Feminist parenting isn't about color, or even toy, choices. It's about balancing your child's interests in one hand and putting all choices on the table in the other.
So, does that make my toy buying choice a feminist one? Absolutely not. It means I’m following my daughter’s interests. And if she was a princess loving, pink and purple wearing girl, I’d be in that bakery Lego buying aisle in a heartbeat.
K.M. O’Sullivan writes about feminism, politics, parenting, and more on her blog, Slightly Askew Woman. Awhile back, she said, quite succinctly, “Feminism means all options on the table.”
That line really struck me – in its simplicity, and its truth.
We owe it to our girls (and our boys, yes, but that’s another post for another time) to not box them in in any way. And if a brand that’s geared toward girls would make them happy and enrich their play choices. Why not buy it?

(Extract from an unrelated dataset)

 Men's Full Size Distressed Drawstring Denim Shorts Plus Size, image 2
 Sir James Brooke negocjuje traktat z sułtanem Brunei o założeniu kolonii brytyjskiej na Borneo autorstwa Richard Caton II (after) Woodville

But my girl already wants to build Legos, so I wonder if the need is there for me to buy her a building set geared toward girls? If her interest is already piqued, if she already thinks that Legos are for her, what would be the point of buying “girl Legos” for her?
In reality, none.
Because feminist parenting isn't about color, or even toy, choices. It's about balancing your child's interests in one hand and putting all choices on the table in the other.
(*Epilogue: We bought the treehouse Legos, and she rocked them.)